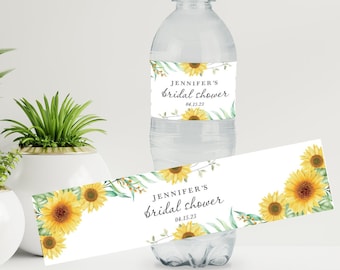 Könnte beinhalten: Wasserflaschenetiketten mit einem Sonnenblumendesign. Die Etiketten lauten "Jennifer's bridal shower 04.15.23".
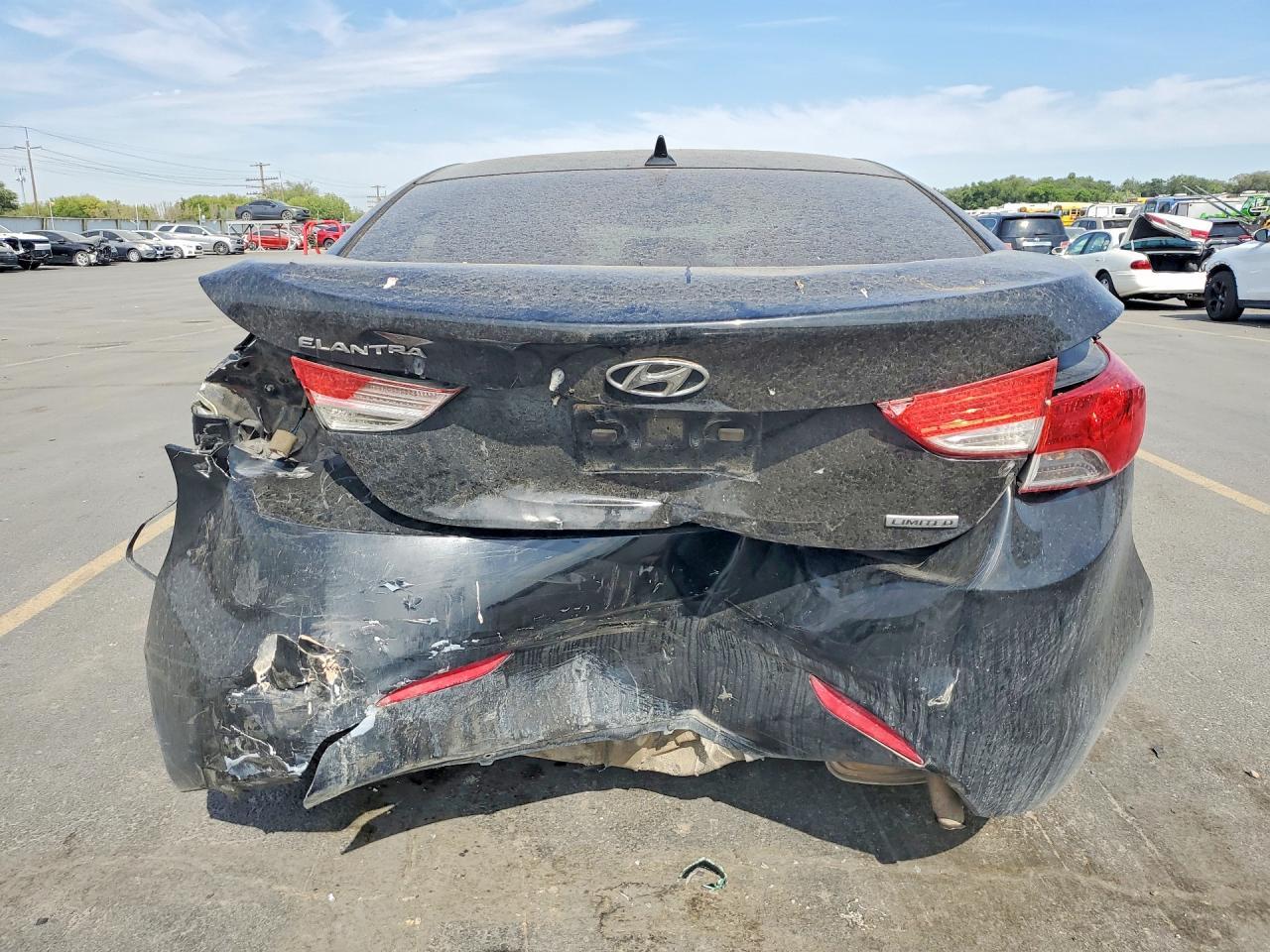 2013 Hyundai Elantra Limited - Image 6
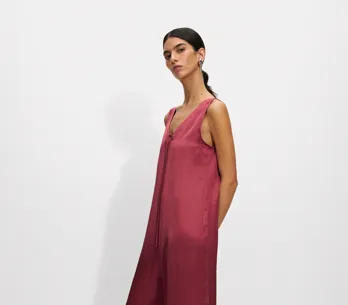 Colas en Parfois por el mono satinado de invitada más elegante: sienta bien a todas y está a mitad de precio (19,99 €)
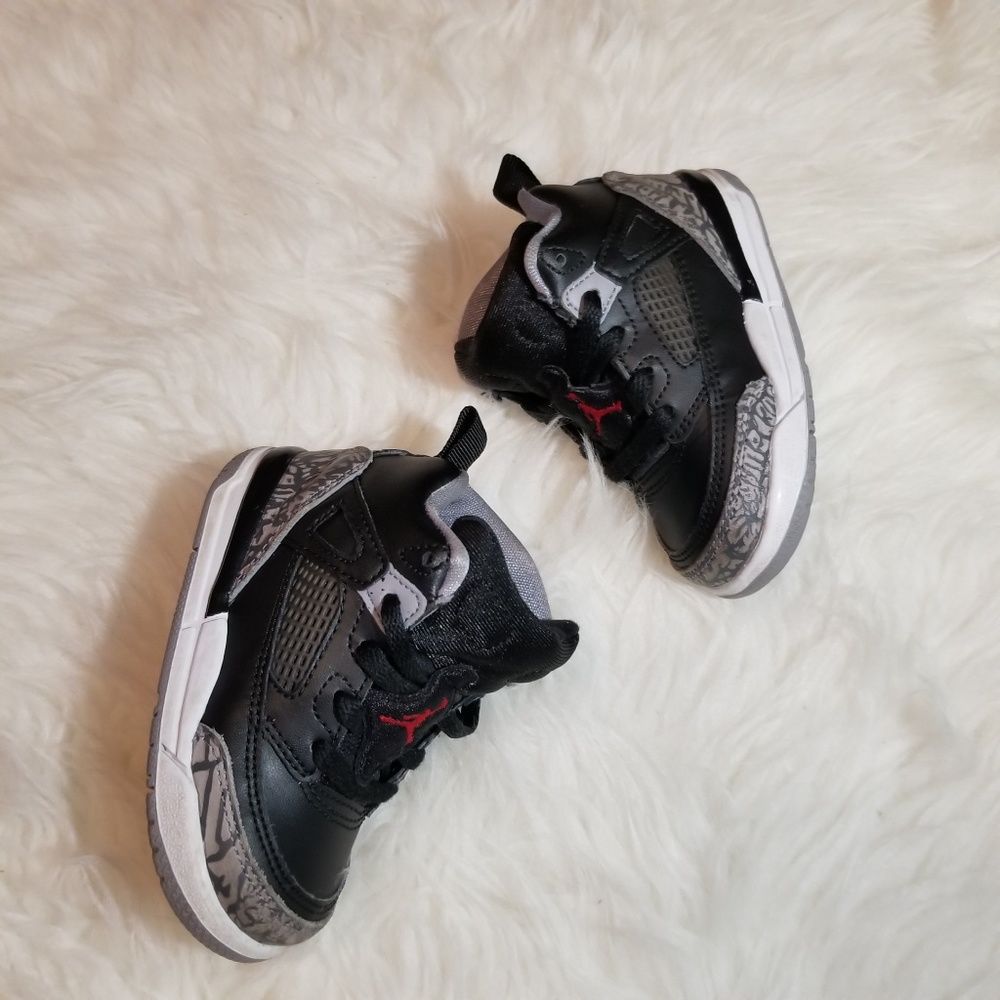 NIKE AIR JORDAN SPIZIKE SZ 6 C TODDLER BLACK CEMEN - Picture 4 of 8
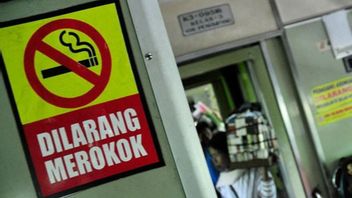 Janji Ahok Hilangkan Ruangan Merokok di Mal dalam Memori Hari Ini, 3 Mei 2013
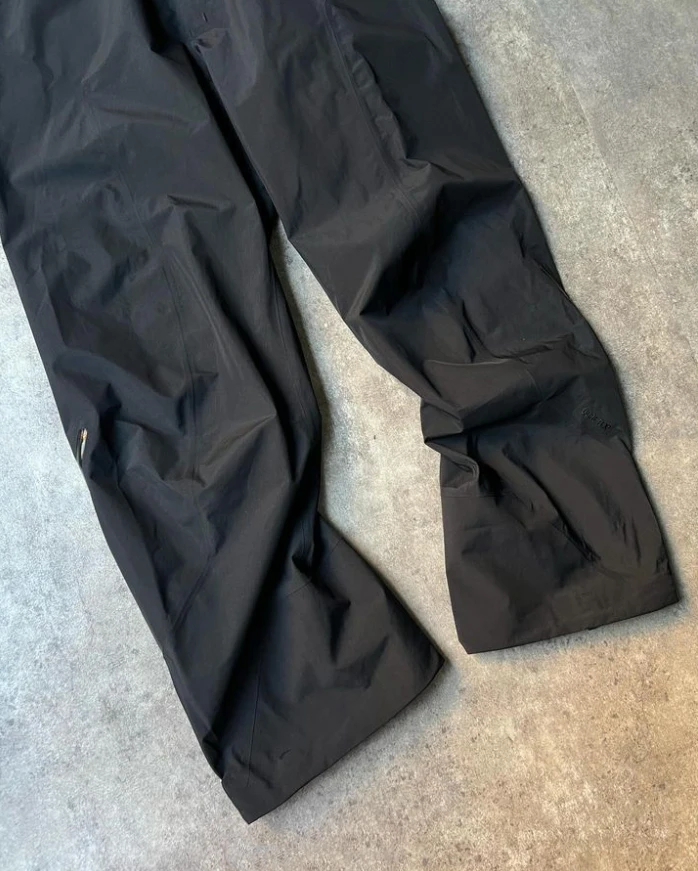 OEM Custom High Quality Man Black Loose Oversize Zipper Open Bottom Baggy Nylon Polyester Track Pants for Men details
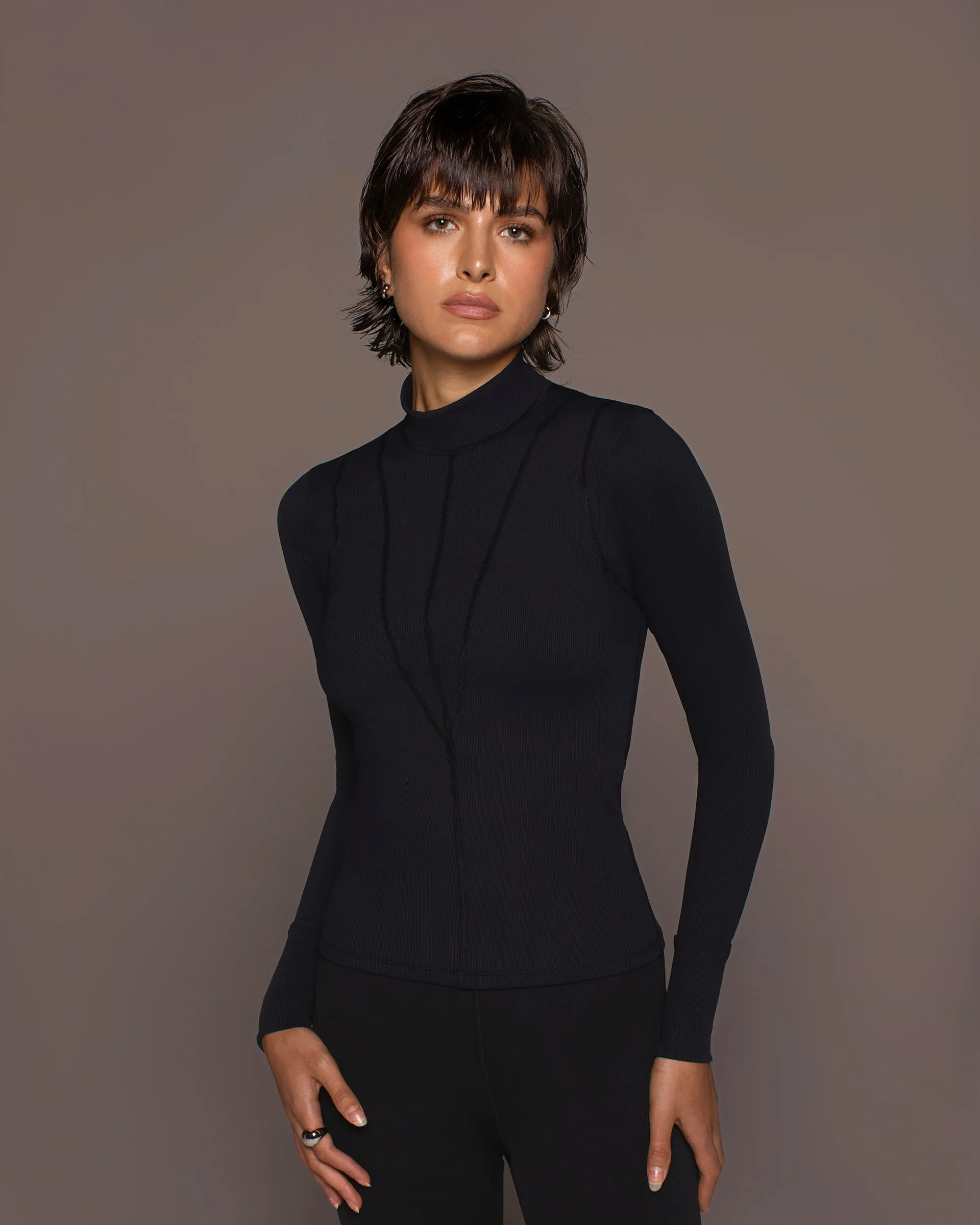 Descent Long Sleeve Top | Black MICHI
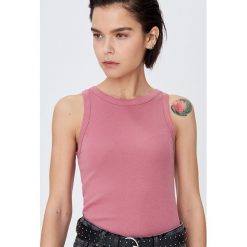 Top z dekoltem halter - Różowy. Różowe topy damskie Sinsay, s, bez wzorów, bez kołnierzyka. Za 14,99 zł.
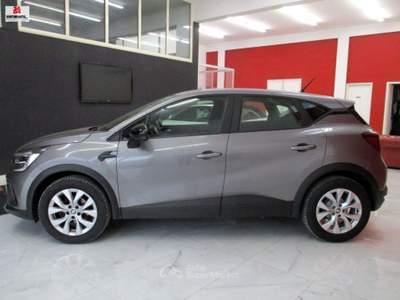 Renault Captur TCe 90 CV Techno Grigio usata Vittoria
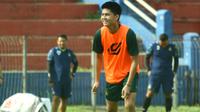 Eks gelandang serang Sulut United menjalani trial di Persik Kediri. (Bola.com/Gatot Susetyo)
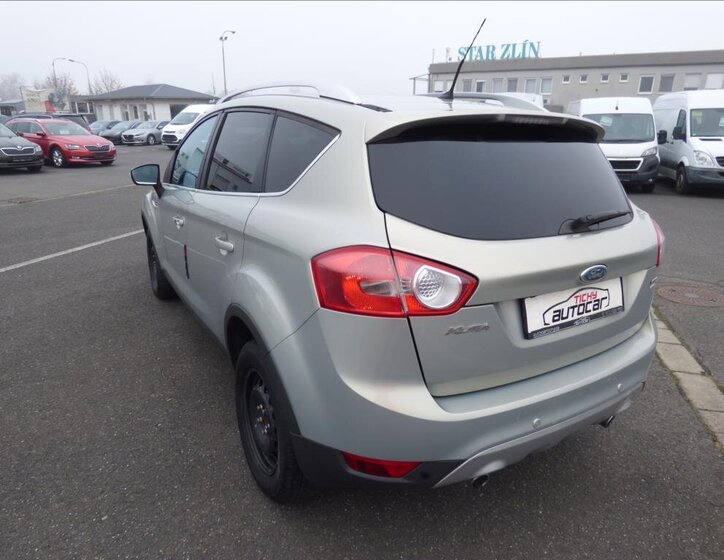 Ford Kuga Kombi 2,0 l 120 kw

EXERCISE BRIEF
Repeat the records word for word. Any picture in them should be left out.

YOUR SOLUTION
 Könnte beinhalten: Wasserflaschenetiketten mit einem Sonnenblumendesign. Die Etiketten lauten "Jennifer's bridal shower 04.15.23".
 2013 Hyundai Elantra Limited - Image 6
 Colas en Parfois por el mono satinado de invitada más elegante: sienta bien a todas y está a mitad de precio (19,99 €)
 NIKE AIR JORDAN SPIZIKE SZ 6 C TODDLER BLACK CEMEN - Picture 4 of 8
 Janji Ahok Hilangkan Ruangan Merokok di Mal dalam Memori Hari Ini, 3 Mei 2013
 OEM Custom High Quality Man Black Loose Oversize Zipper Open Bottom Baggy Nylon Polyester Track Pants for Men details
 Descent Long Sleeve Top | Black MICHI
 Top z dekoltem halter - Różowy. Różowe topy damskie Sinsay, s, bez wzorów, bez kołnierzyka. Za 14,99 zł.
 Renault Captur TCe 90 CV Techno Grigio usata Vittoria
 Eks gelandang serang Sulut United menjalani trial di Persik Kediri. (Bola.com/Gatot Susetyo)
 Ford Kuga Kombi 2,0 l 120 kw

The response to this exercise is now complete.